There are those who might argue that Gurney's tunes lack an 'instantly recognisable' or memorable character [11]. To what principally are they referring? Not, surely, to those 'engendering' initial phrases noted by Howells. But rather to the 'wandering' quality of Gurney's writing, a melodic, or at times harmonic, elusiveness which is certainly integral to his style and individuality. Perhaps, too, to the more elaborate piano accompaniment links between verses; the more contorted among his fast-moving modulations, featuring rather self-conscious enharmonic shifts; or to the more intricate and erratic of his attempts at second or third stanza 'developments'.

Gurney's tonality, as a longer song unfolds (or just occasionally 'unravels'), can seem elusive: not necessarily because he loses sight of it (he does so occasionally, and more so later on) [12] or because of some overwhelming desire to attempt a Beethoven-like development (more common); but also because he is of his age.

His tonal centre of gravity, even - or especially - at openings, can feel strangely elusive, almost contradicted before it is even allowed to take root. Sometimes his tonic can be so lightly implied or touched on as to make one wonder if he intends one at all. On other occasions, by deliberate ambiguity, he will lull you into an erroneous expectation, almost as if he is setting out to hoodwink or gull the listener.

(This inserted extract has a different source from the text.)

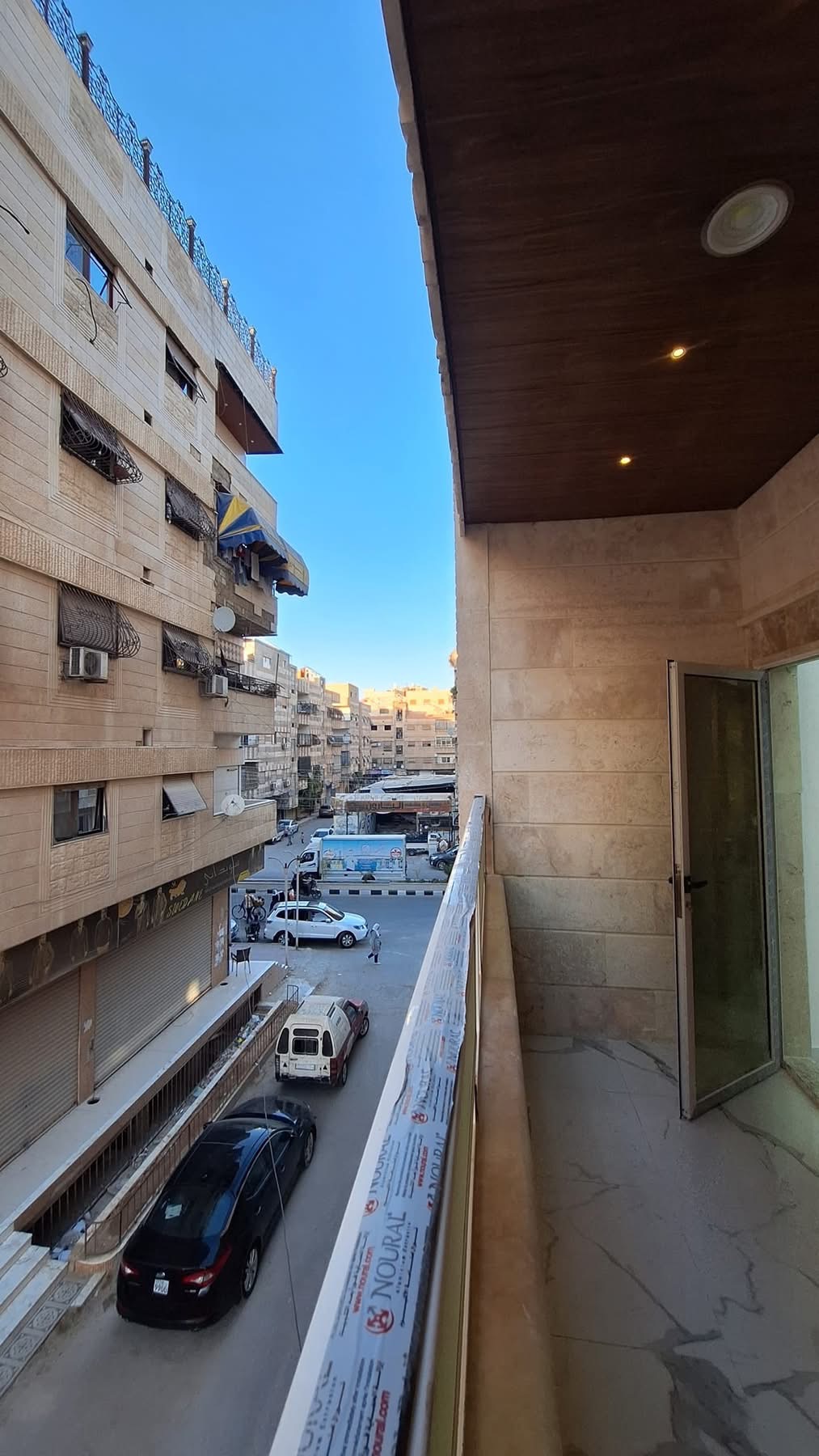 للبيع شقة ببيلا البوقية الشارع العام طابق اول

Take 'Ha'nacker Mill' (again by Belloc). The song's ultimate home, or destination at least, will turn out to be F major. By contrast, at the outset there is a persistent G minor feel, albeit an elusive one, due both to the flattened leading note (no F sharp) and to the pervading 6:3 inversion - the chord hovers over a B flat foundation - further underlined by the E flats which make their appearance from bars 7-8 ('Briar grows ever'). Indeed, G minor is so strongly suggested, almost established, that the subsequent E natural at 'calling aloud' (in verse 2) comes as a very considerable, and deliberate, shock - even though it will prove, by the end, to be the leading-note to the closing F major chord.

Each is a Gurney thumbprint: the apparent flattened 7th, which he will finally promote to tonic; and the almost cheeky, casual manner with which he feeds in a note that will turn out to be a principal player in the harmonic framework. [13]

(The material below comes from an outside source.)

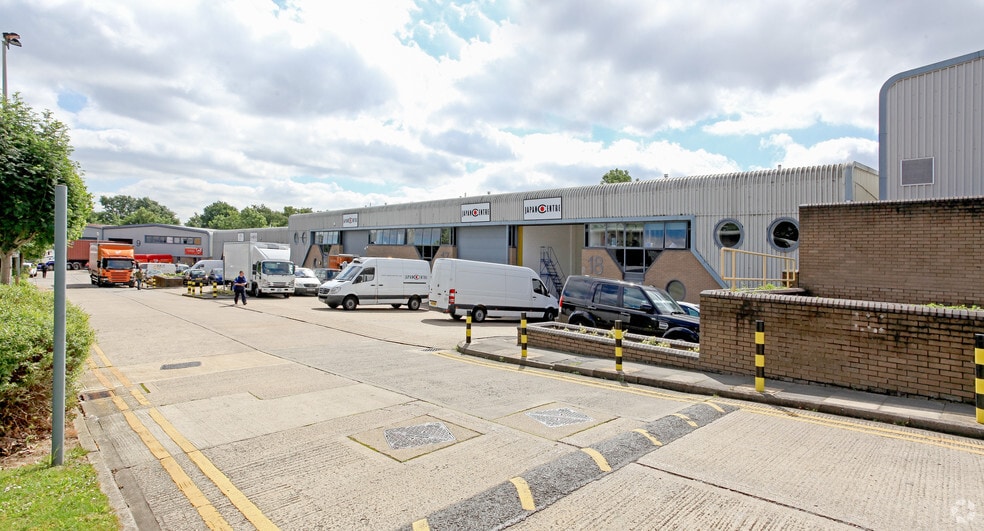 Victoria Rd, London to rent - Building Photo - Image 2 of 3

That initial thematic fragment in 'Ha'Nacker Mill' - it's little more than a motif - might, moreover, seem at a glance too fragmentary, indefinite, even unsatisfactory. Yet such elliptical touches are typical of his opening bars. They not only characterise Gurney's melodic writing, they enhance it; indeed they are fundamental - a kind of personal signature, and one to be relished.